Checking the Model Performace

# I have already checked the accuracy of my ETS method. 

# I am going to check the residuals of my ETS model.

fit17 <- data %>% 
  model(ETS(Price))


gg_tsresiduals(fit17)

# From the graphs, my variance seems to be pretty constant, however, there is some 
# inconsistency towards the end with a few outliers throughout the data.
# This means that my prediction interval will be hard to calculate. The residual are
# centered around the mean of 0, and for the most part, the distribution is symmetric.
# This is good for my prediction interval and point forecast. There does seems to be 
# some autocorrelation within the data.

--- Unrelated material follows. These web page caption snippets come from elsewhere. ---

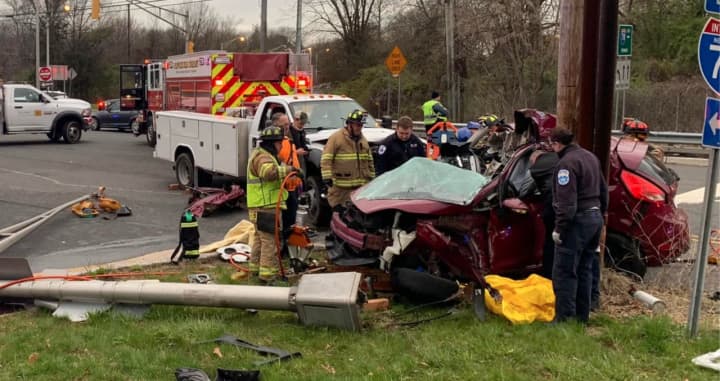One person had to be extricated from a crumpled car and taken to a nearby trauma center following a crash on Route 78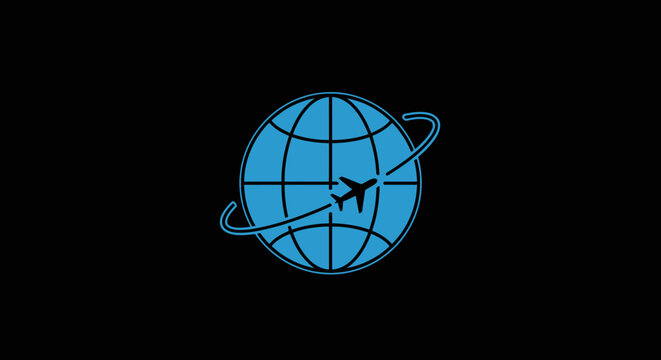 Global Travel Icon Illustrating Worldwide Aviation Journeys Across the Globe and Transportation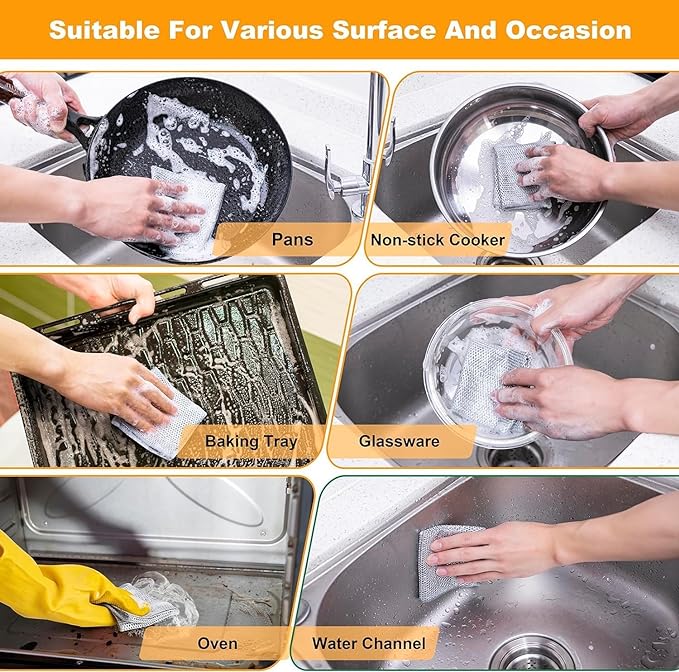 Multipurpose Non-Scratch Wire Dishwashing Rags - Pack of 10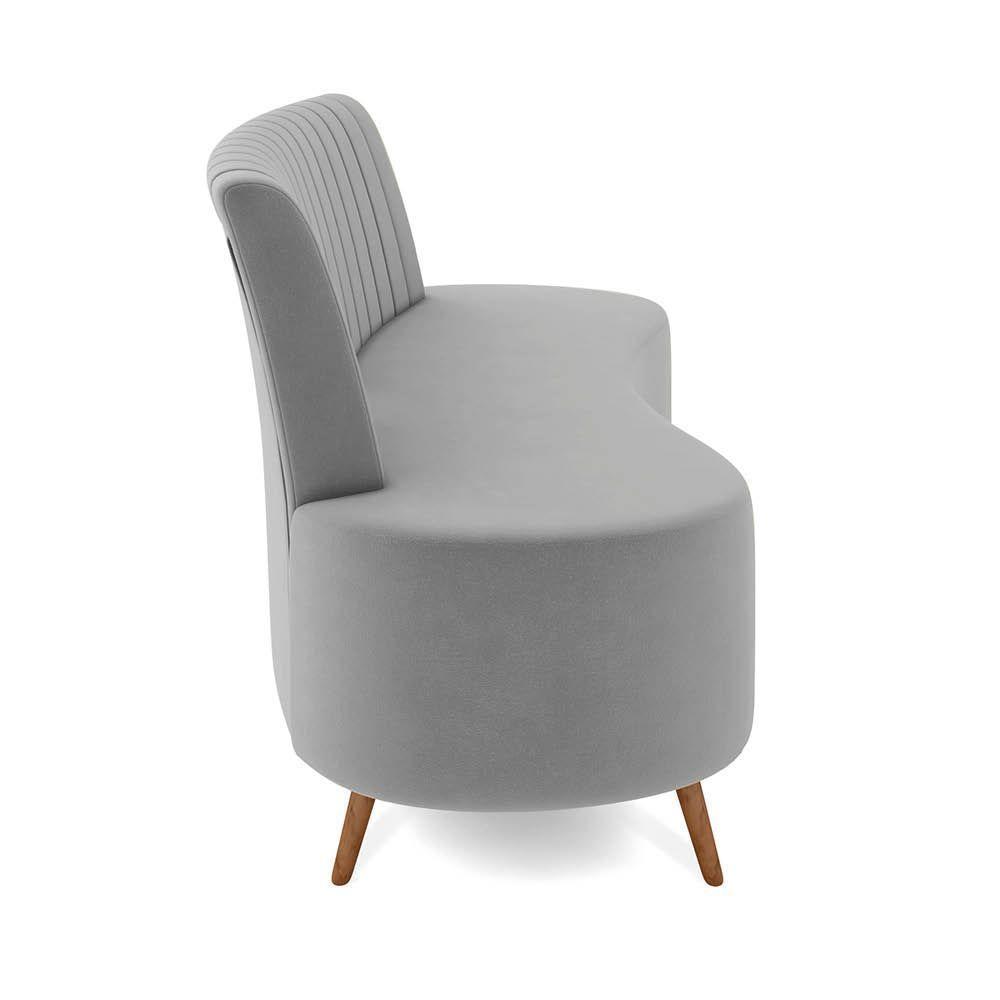 Sofá 2 Lugares Living 160cm Pé Palito Maraú Veludo K01 - D'rossi Cor Cinza - 3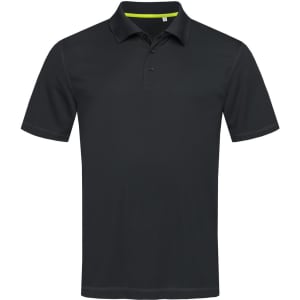 A black polo shirt featuring a modern design and a logo. It has a yellow accent on the collar.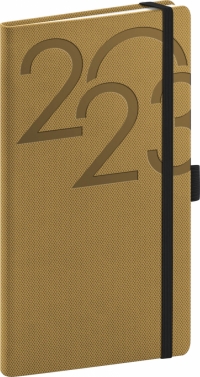 Vreckový diár Ajax 2023, zlatý, 9 × 15,5 cm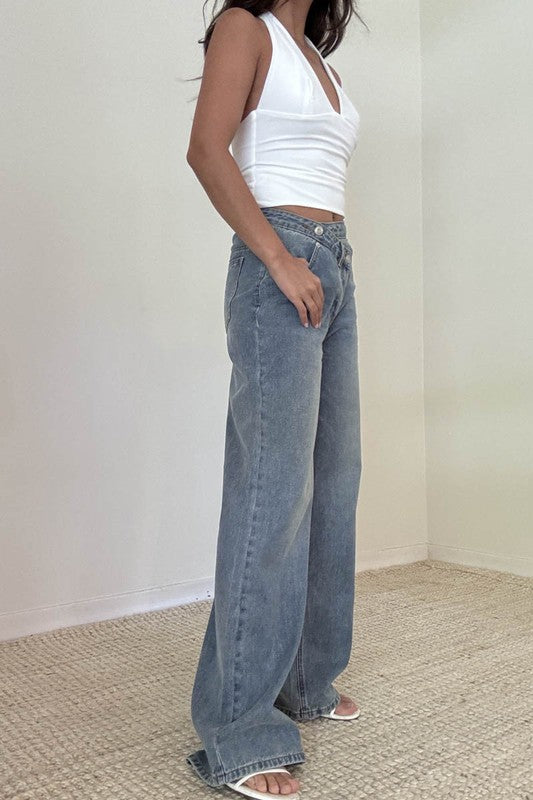 Detroit Crossover Wide Leg Jeans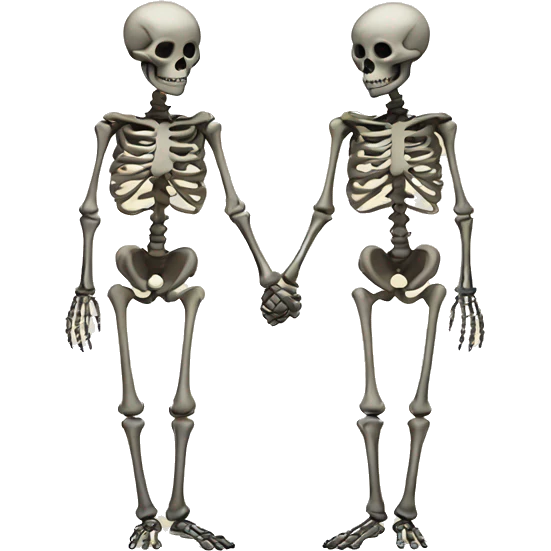 skeletons holding hands emoji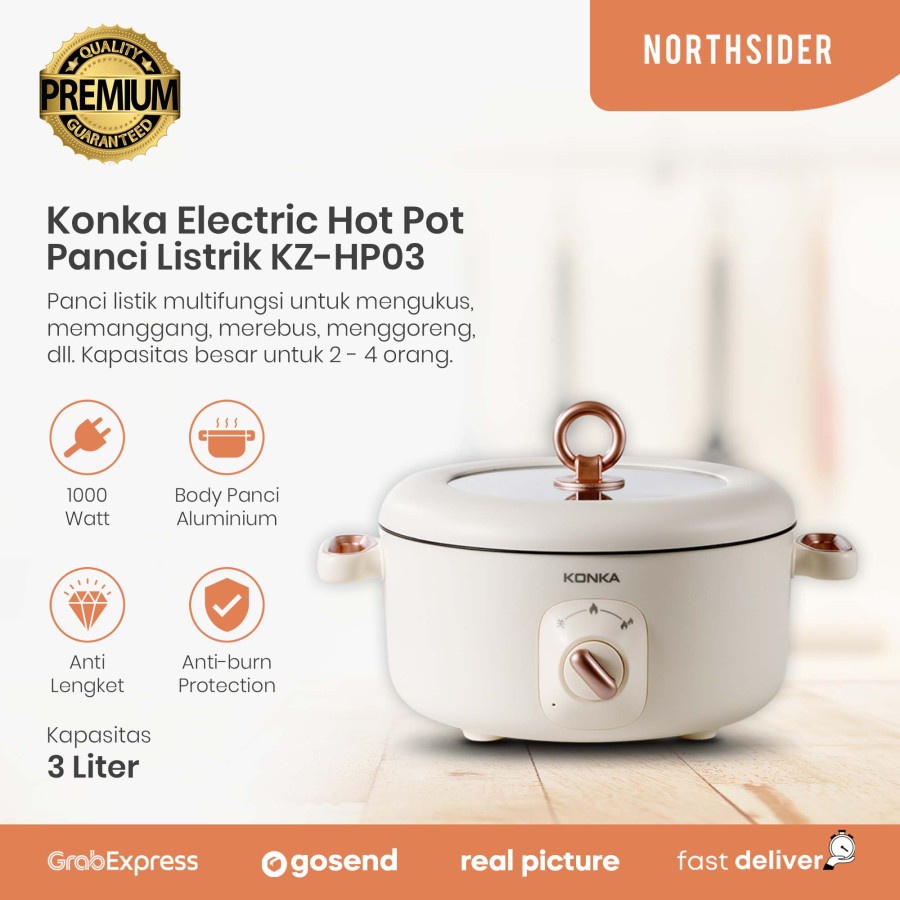 KONKA Electric Hot Pot 3L | Panci Listrik Multifungsi - KZ-HP03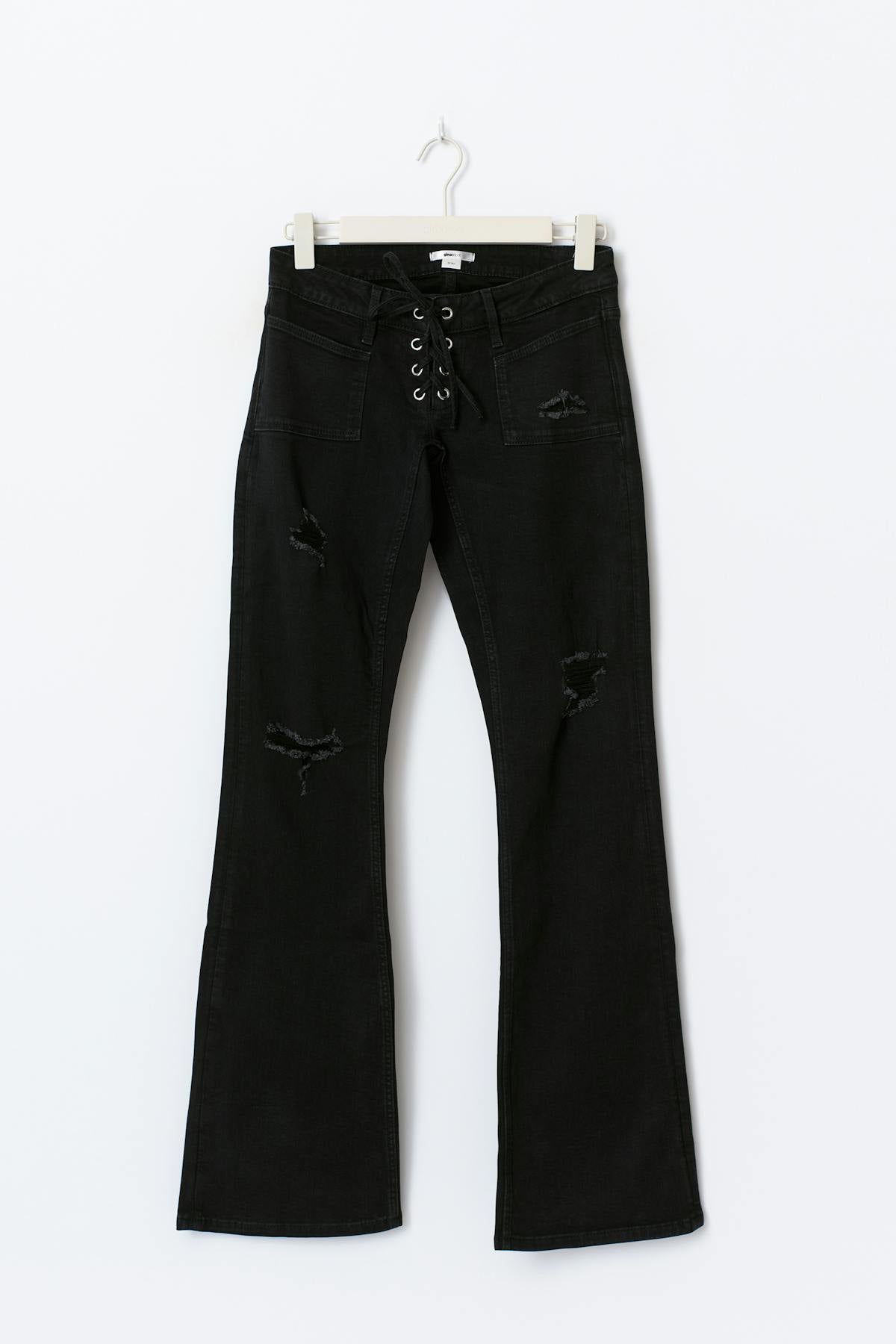 14+ pleated tie jeans - Offblack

I will check the significance using the 
# ljung-bow test below. 

# Since I have seasonal data, I am going to use lag = 2m = 2(5) = 10 and dof = 0.

fit16 <- augment(fit17)

fit16 %>% 
  features(.resid, ljung_box, lag = 10, dof = 0)
## # A tibble: 1 × 3
##   .model     lb_stat lb_pvalue
##   <chr>        <dbl>     <dbl>
## 1 ETS(Price)    23.1    0.0104
# Since my p value < 0.05, it is significant. And so, my residuals 
# are distinguishable from a white noise series. This causes complications
# for my forecast. For now, I cannot do anything but accept it. I am guessing
# that autocorrelation is naturally occurring within my model, and it would 
# cause major complications to fix it. 

# When I produce the box_cox for my data, I get 

data %>% 
  features(Price, features = guerrero)
## # A tibble: 1 × 1
##   lambda_guerrero
##             <dbl>
## 1          -0.572
# There is not clear transformation that I could use that would 
# balance the variance of my seasonality.

Produce the Forecast

# I am now going to forecast the next 4 months of Average Bacon Price using
# the auto ETS method. 

fitty <- data %>% 
  model(auto = ETS(Price))

fcc <- fitty %>% 
  forecast(h = 4) %>% 
  autoplot(data) +
  labs(title = "Forecasting 4 Months Using ETS Method", y = "Average Price of Bacon")
fcc